Silent disco is the agreed-upon term for concerts where the music is delivered to wireless headphones. Most shows are DJ sets and they typically happen in places with strict sound curfews or where full sound production is problematic. But what began as a side attraction at Bonnaroo and a cute college event has grown into a viable live music opportunity. San Francisco-area producers Silent Frisco is putting on events like Hushfest and Treasure Island Music Festival, where bands play straight into the mixing board and broadcast to wireless headphones, with only vocals and the thump of the bass drum heard in the real world.

Silent Events is considered the founding father of this movement. Created by Ryan Dowd, a former tour manager for Widespread Panic and Drive-By Truckers, the company introduced wireless headphone disco parties at Bonnaroo. He admits that the concept was originally inspired by noise concerns, but it’s about two years away from a major happening.

“I think we just need another brand, apart from Coca-Cola and Nike, which we’ve worked with. A brand in the music industry,” Dowd told Pollstar. “‘I want to throw this show at Red Rocks but it’s completely silent.’ The missing part is that artist that’s ready to take it to the next level. Or maybe they want to have an after-show at an event, and this becomes that after-show.”

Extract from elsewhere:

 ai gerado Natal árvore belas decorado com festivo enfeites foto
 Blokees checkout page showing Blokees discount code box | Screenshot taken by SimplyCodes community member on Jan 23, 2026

Silent Events has headphones with patent pending technology, and the company provides equipment to about 160 events a year. Three DJs could spin in the same room, and the listeners can dial in to one of three channels. The headphones have lights that shine a different color depending on what channel is chosen. 

Silent Events recently hosted a college event with 1,800 attendees – and headsets. It could have brought more headphones but that was the most people the campus could accommodate in its gymnasium.

“For a while, the headphones and technology only allowed it to sound so good and work for a certain distance. For those limitations it became a niche event. A scene you checked out for 10 minutes,” Dowd said. “But now that the headphones are better, the range is more reliable and the longer range means more people, which means more headphones. It now will just take an artist to get behind it. If you’ve got a Skrillex or a Bassnectar who really wanted to do it, and doesn’t think it’s a weird side attraction, then I think it will work.”

Silent Events has also provided headphones for the backstage area so roadies and managers can hear the main attraction without going into the audience. “It provides the soundboard feed,” Dowd said. “It gives people I used to work with a way to hear music.”

The company and its equipment have have also been utilized by outdoor weddings and other events like birthdays, but Dowd is not interested in sending out any DIY kits. For one thing, there’s the potential of breakage. Then there’s the liability of having a DJ blow out the eardrums of the audience or the equipment needing to be adjusted on site.

Plus, the equipment needs to be sanitized after each use.

“There have been people who just saw this as an opportunity to make money,” he said. “They’ll order cheap headphones from Taiwan and there’s no production, no sound background. They just want to send you a box and hope the transmitter works. But there is an art to wireless transmissions.”

Silent Events has also provided broadcasting for events on boats touring around the Statue of Liberty.

“I see it utilized outside the silent disco spectrum. I’ve always wanted to do a live band on a double-decker bus or unique locations where you can’t bring in the power and the crew,” he said. “I’d like to see it utilized more as an alternative for all music, not just DJs.”